Résumé: Avec Faut faire le million, quatrième volet de son implacable autofiction Gilles Rochier rentre dans le dur. Dur comme l'époque qui nous transperce, agitée de précarité et de violence...
« On n'a plus les bras ni les jambes, ni même l'esprit pour imaginer du meilleur à venir, chaque question devient un angoisse. À force d'avoir la misère comme décor, ça déborde. On ne voit plus au delà, avec la trouille d'être dedans jusqu'au cou. On tente les vieux codes d'avant, on tente d'avoir des principes, des règles de vie pour tenir le terrain. Rien n'y fait ».

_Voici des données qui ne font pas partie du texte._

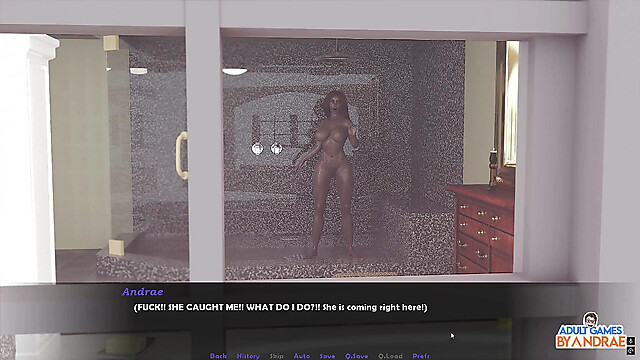 adultgamesbyandrae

La condition de déclassé balaie tout. À subir tant les affres du temps que la crise économique, les relations amicales ou amoureuses tournent au tragique, les discussions entre potes virent rapidement à la confrontation. Chacun se barricade dans des illusions rassurantes. l'espoir de s'en sortir semble ne plus tenir qu'à une grille de loto ou un business foireux. Gilles n'y échappe pas. Tout l'énerve, tout le contrarie. la mort sordide d'un ami d'enfance est la mèche allumée de trop. il n'a plus l'âge d'une bonne dépression et entre dans une introspection comme on résoudrait une énigme, cherchant les mots à dire à son pote défunt. Pourquoi lui est toujours vivant et pas son ami. Entre déni, mythomanie, et prise de conscience de l'échec, ce nouveau volet de la vie des quartiers, point d'ancrage du travail auto-fictif de l'auteur, pointe sa mire avec lucidité et réalisme sur le monde urbain actuel et sur la génération X qui s'y noie.
L
e boulot (pas trop), les potes, un genre de famille, des gosses qui sont déjà grands et voilà, c’est maintenant et c’est comme si rien n’avait changé, autant en dedans qu'au dehors. Le quartier est toujours aussi délabré, les opportunités aux abonnées absentes et la dèche ad vitam æternam, la norme. Gilles a beau avoir traversé la rue des milliers de fois, c’est perpétuellement la même chose. Il y a sûrement un truc qui coince, ce n’est pas possible cette vie.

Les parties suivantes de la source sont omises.